(Available data begins)

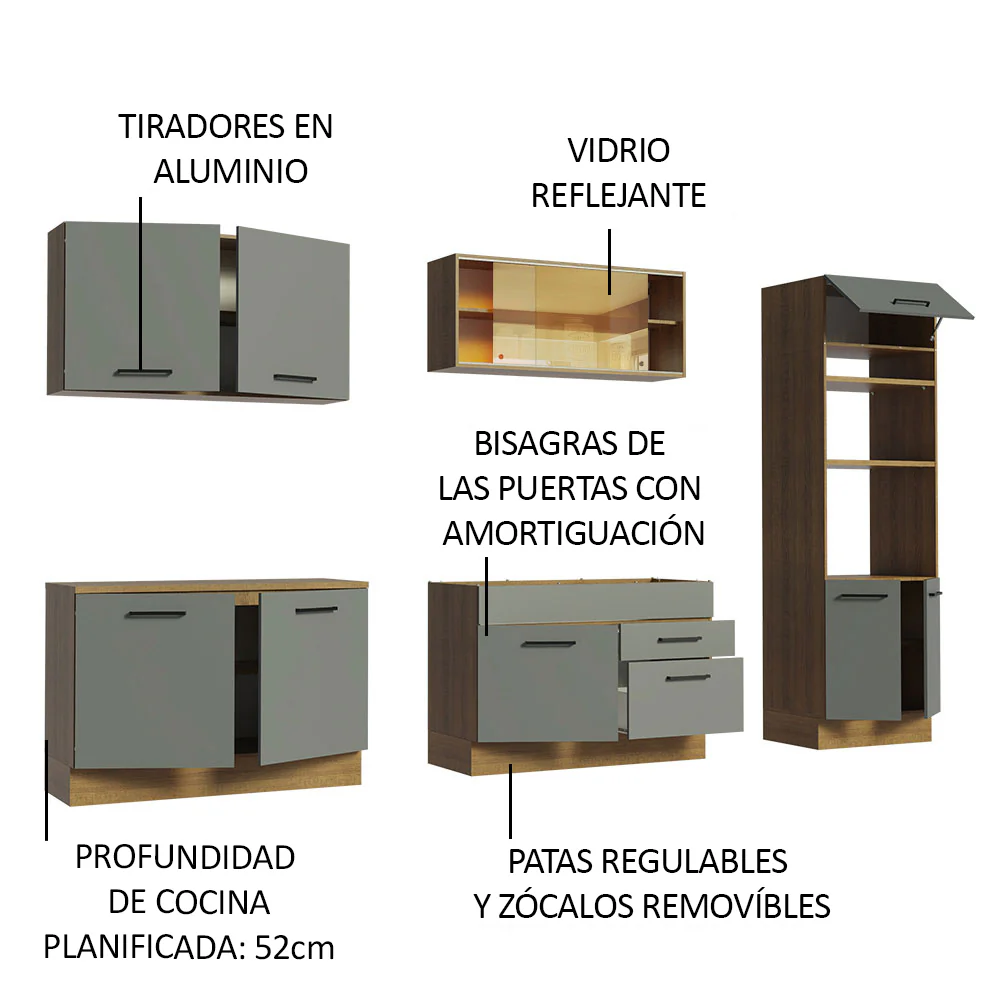 Combo completo de Cocina 310 cm Marrón/Gris Agata 01 - Image 4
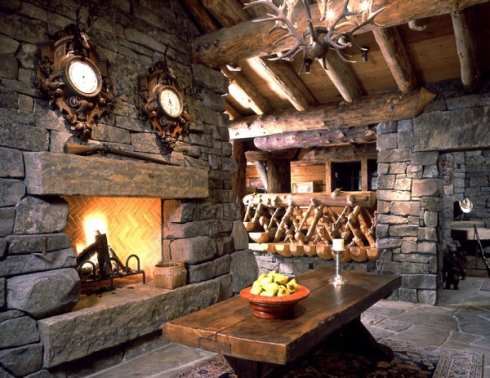 log home fireplaces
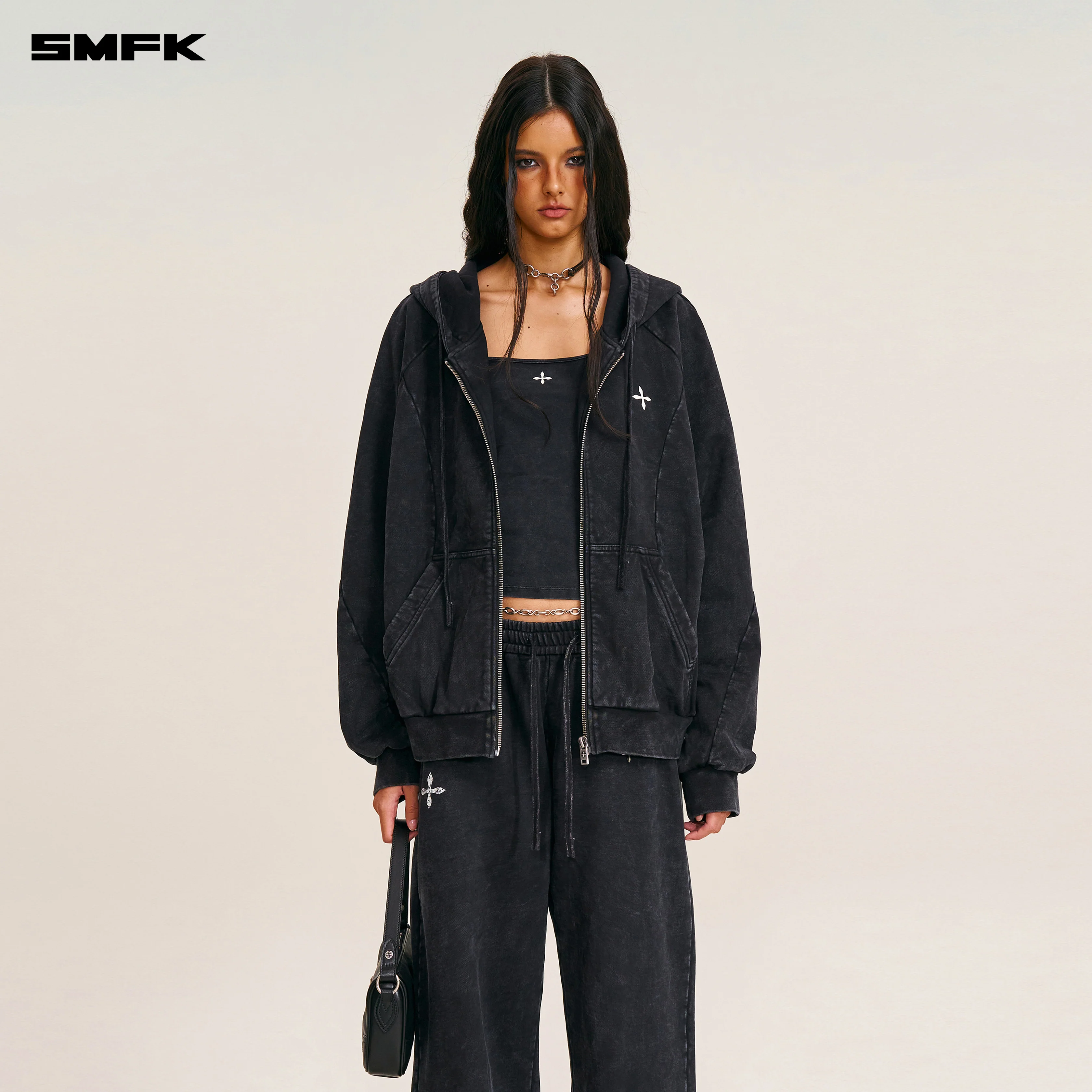 VINTAGE-SAVAGE LOOSE SPORTS ZIP HOODIE/FADE DYE WILD BLACK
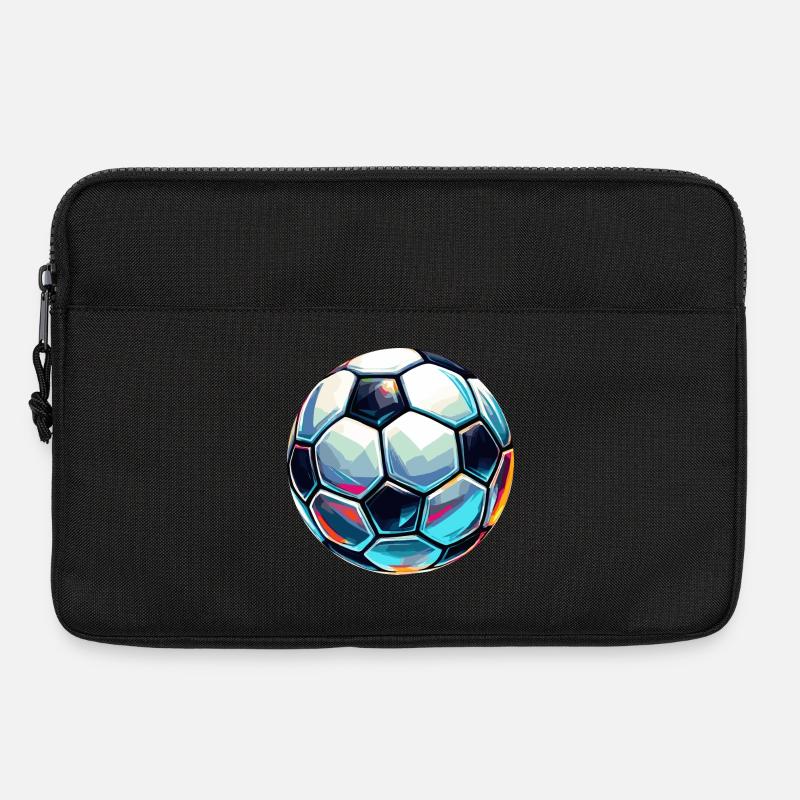 Bunt schimmernder Fußball mit Lichtreflexe - Laptoptasche 13" - Schwarz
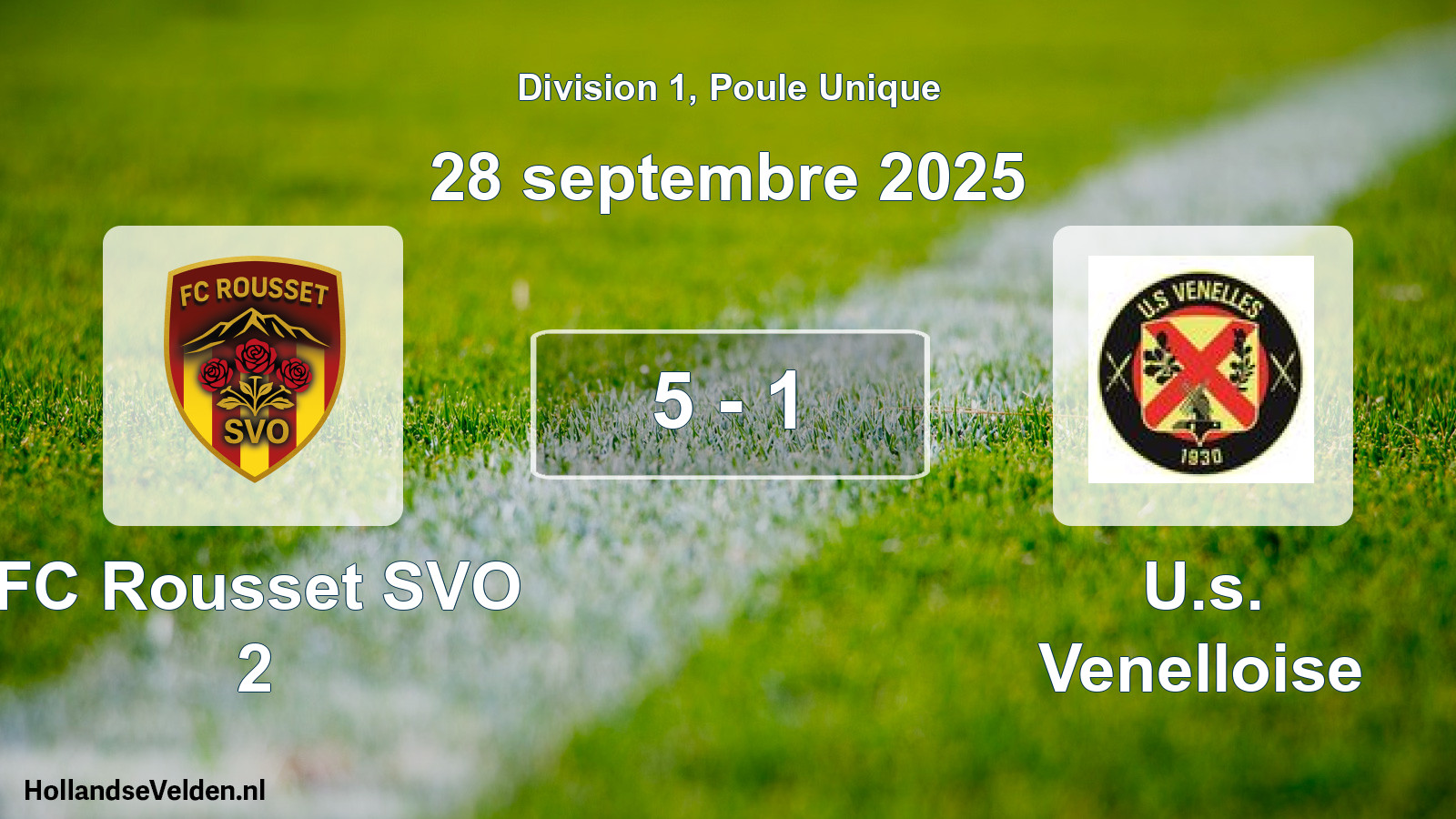Total number of matches played: FC Rousset SVO 2 - U.s. Venelloise 5 - 1 (28 September 2025)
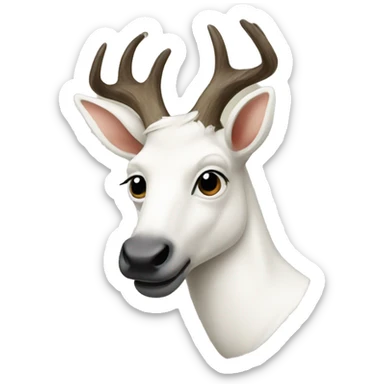 White hart with letter P sticker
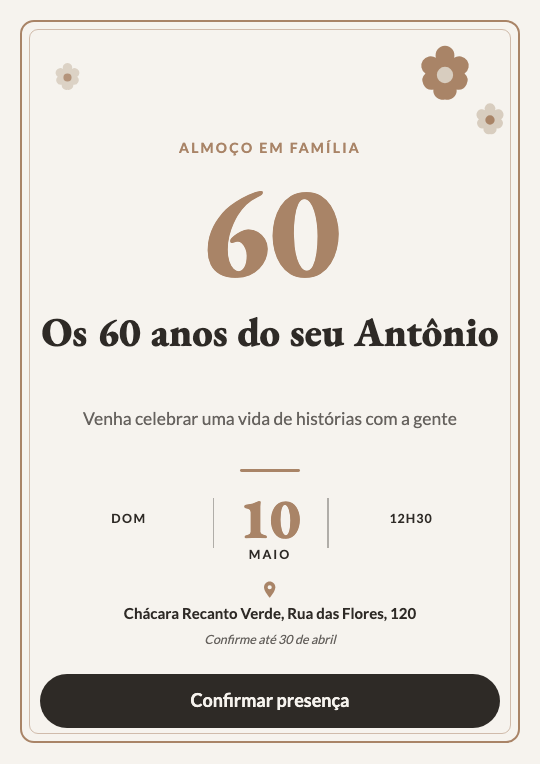 Modelo Convite de 60 anos para imprimir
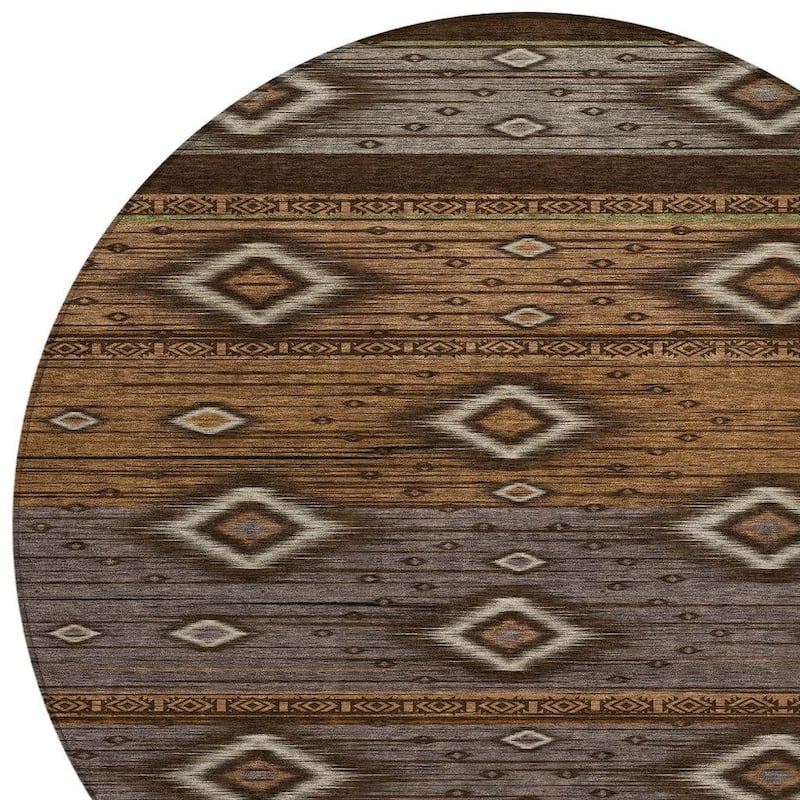 HomeRoots Tribal Transitional Rectangle Outdoor Rug
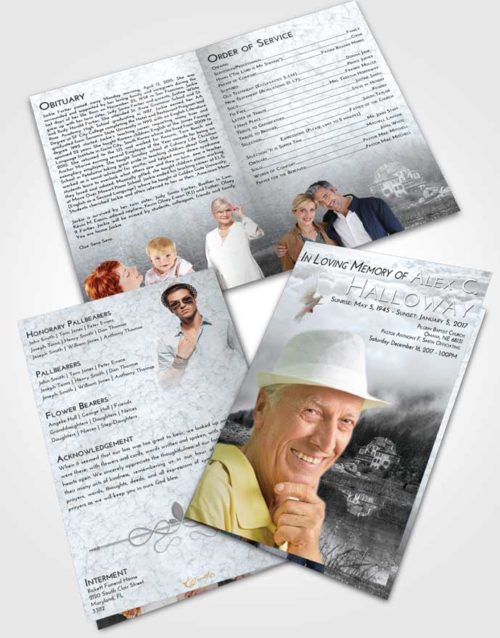 Bifold Order Of Service Obituary Template Brochure Freedom Lake House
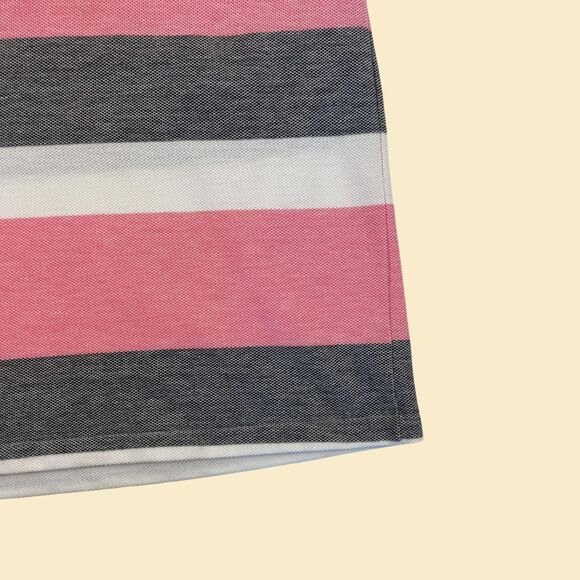 90s L pink polo shirt by Penguin Club, vintage pink & grey striped mens top - Picture 9 of 10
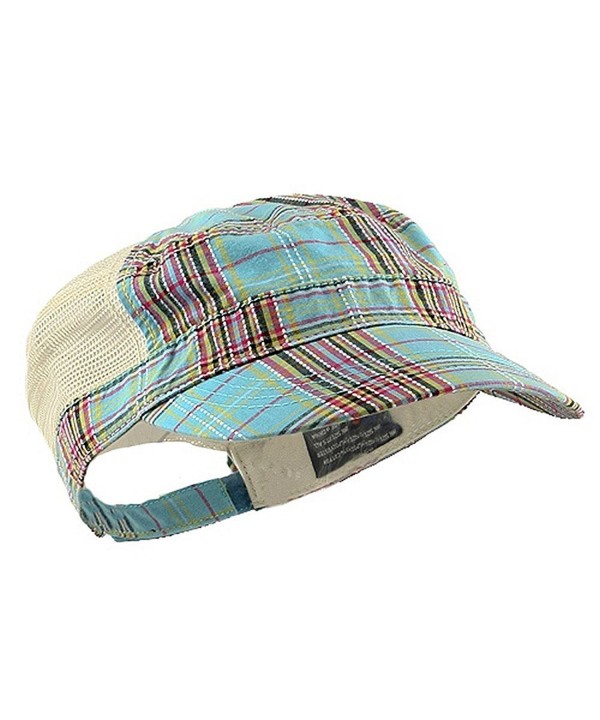 Mega Cap Women's Sky Blue Plaid Cadet Cap w/Mesh Back - C111U7HG1JH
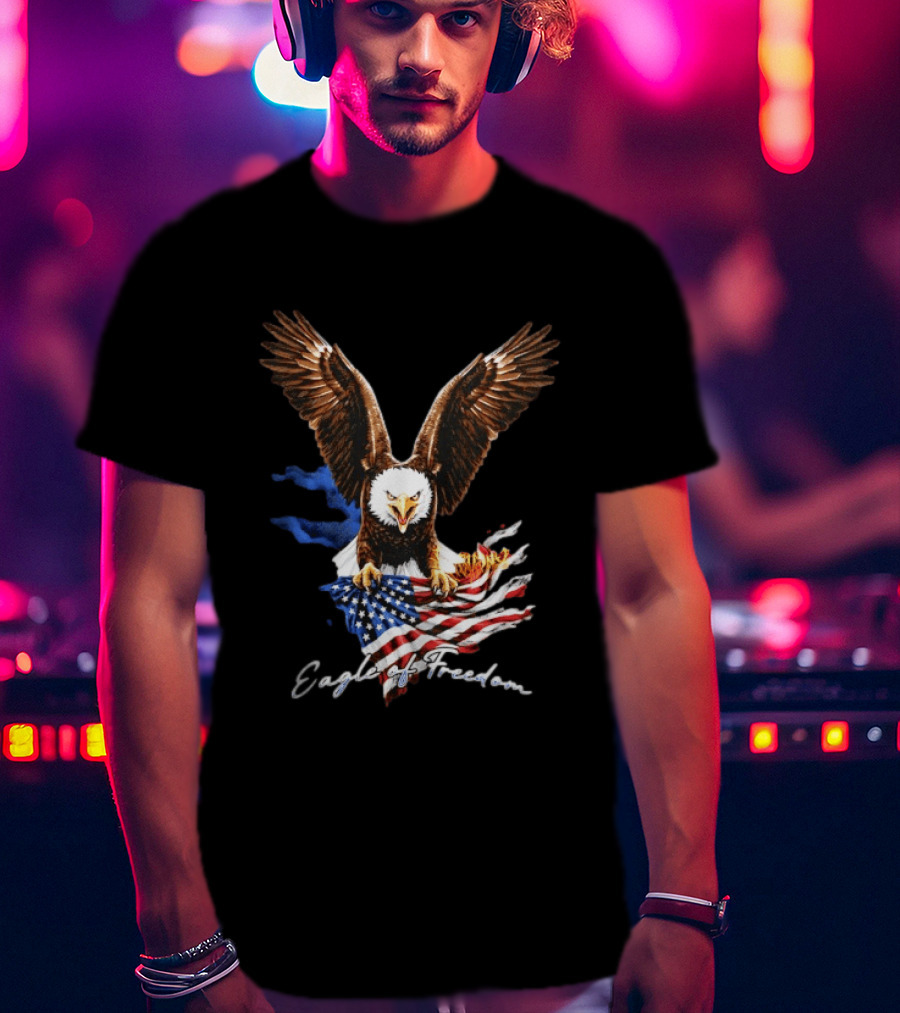 American Eagle Of Freedom Flag Wings Fiery Display T-Shirt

(Available data ends)

→ Task to complete:
The lines to restate word for word run from the line that contains "White hart with letter P sticker" through the end of the entries above, both ends included. Leave out all pictures and write nothing else.

→ Solution for this task:
 White hart with letter P sticker
 Modelo Convite de 60 anos para imprimir
 HomeRoots Tribal Transitional Rectangle Outdoor Rug
 Bifold Order Of Service Obituary Template Brochure Freedom Lake House
 90s L pink polo shirt by Penguin Club, vintage pink & grey striped mens top - Picture 9 of 10
 Mega Cap Women's Sky Blue Plaid Cadet Cap w/Mesh Back - C111U7HG1JH
 American Eagle Of Freedom Flag Wings Fiery Display T-Shirt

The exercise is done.